Source records:

※

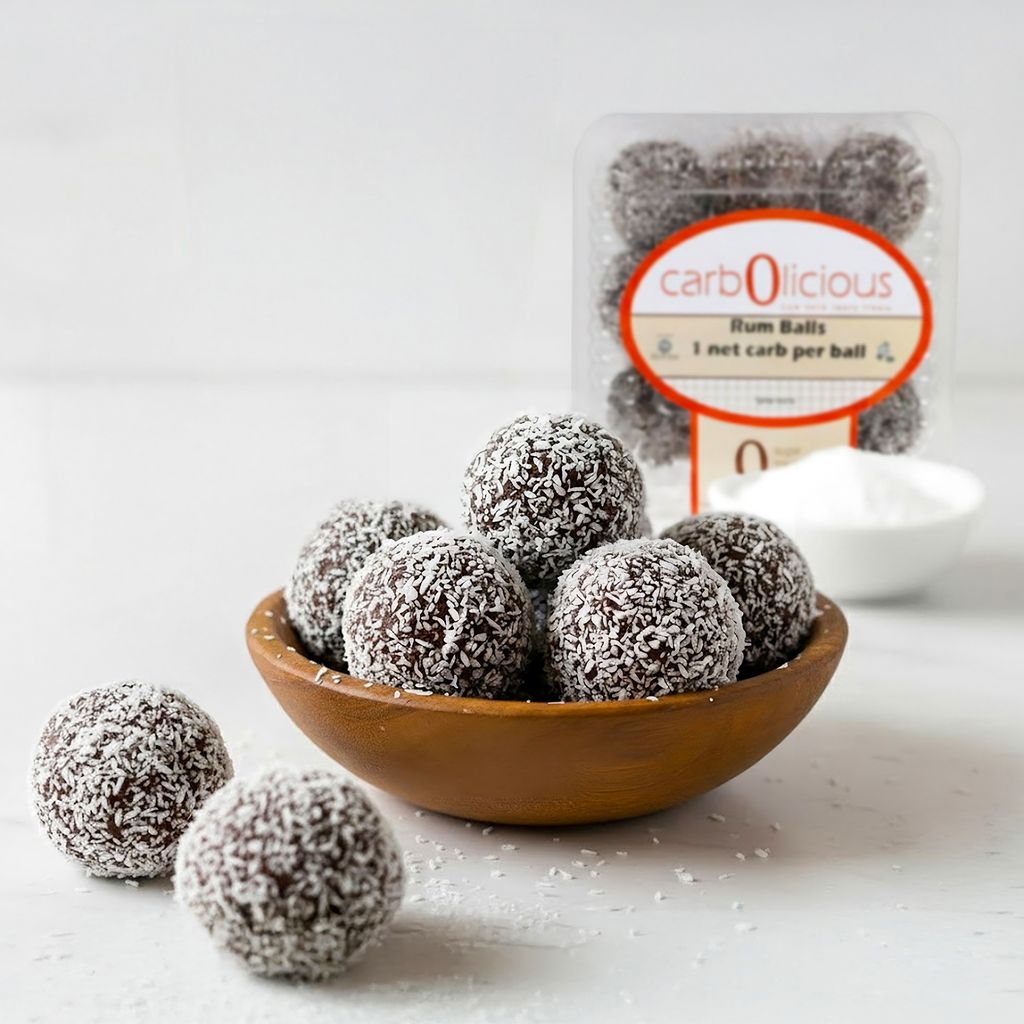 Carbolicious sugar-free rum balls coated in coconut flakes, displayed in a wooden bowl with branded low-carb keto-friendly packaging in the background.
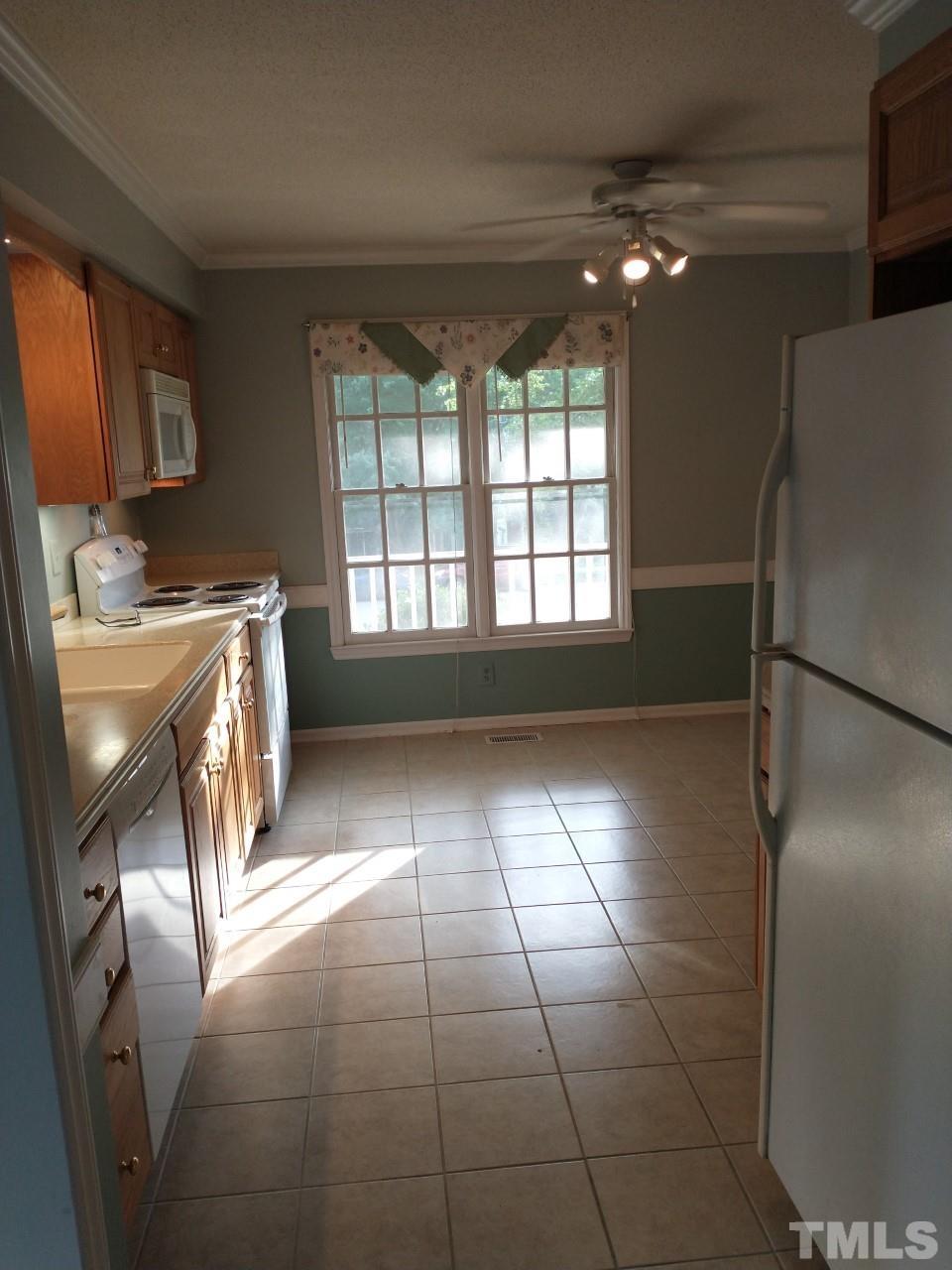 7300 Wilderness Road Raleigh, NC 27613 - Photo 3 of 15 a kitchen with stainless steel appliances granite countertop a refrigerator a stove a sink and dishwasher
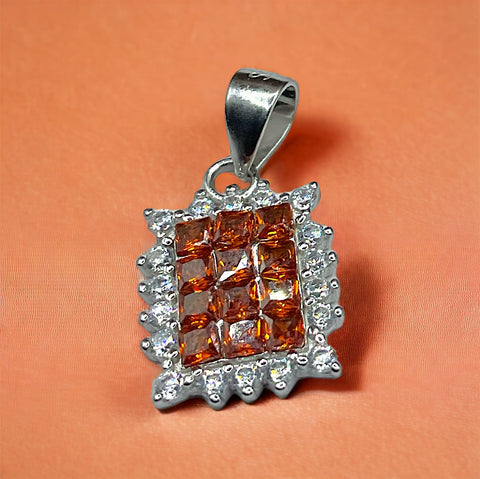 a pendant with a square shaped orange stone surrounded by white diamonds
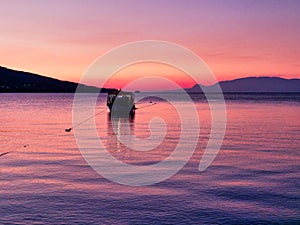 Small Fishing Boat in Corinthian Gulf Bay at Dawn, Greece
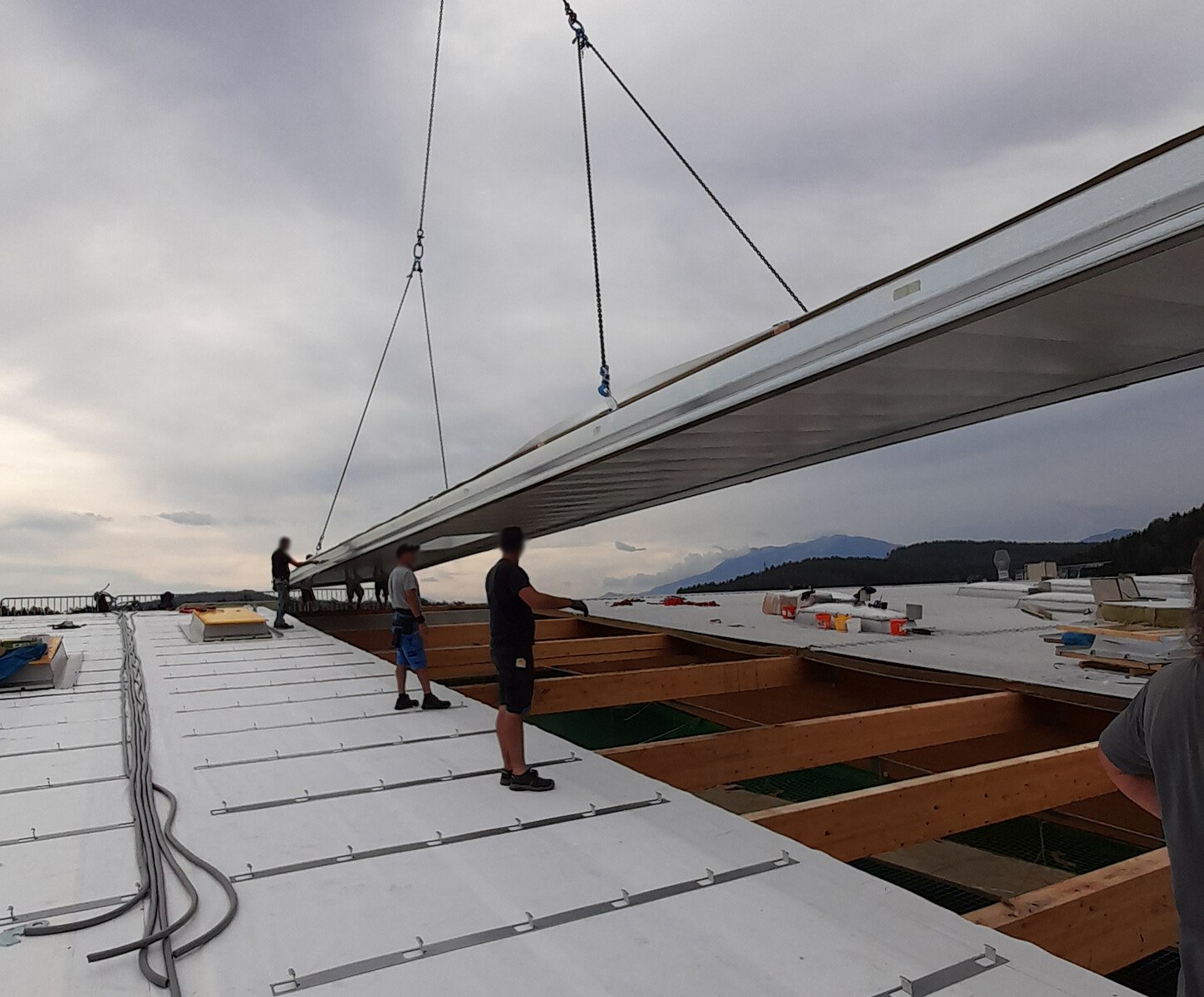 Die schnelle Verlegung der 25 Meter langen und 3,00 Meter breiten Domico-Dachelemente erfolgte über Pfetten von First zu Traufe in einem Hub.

※

Please transcribe all of the entries word for word, with the pictures left out.

 Carbolicious sugar-free rum balls coated in coconut flakes, displayed in a wooden bowl with branded low-carb keto-friendly packaging in the background.
 7300 Wilderness Road Raleigh, NC 27613 - Photo 3 of 15 a kitchen with stainless steel appliances granite countertop a refrigerator a stove a sink and dishwasher
 a pendant with a square shaped orange stone surrounded by white diamonds
 Small Fishing Boat in Corinthian Gulf Bay at Dawn, Greece
 Die schnelle Verlegung der 25 Meter langen und 3,00 Meter breiten Domico-Dachelemente erfolgte über Pfetten von First zu Traufe in einem Hub.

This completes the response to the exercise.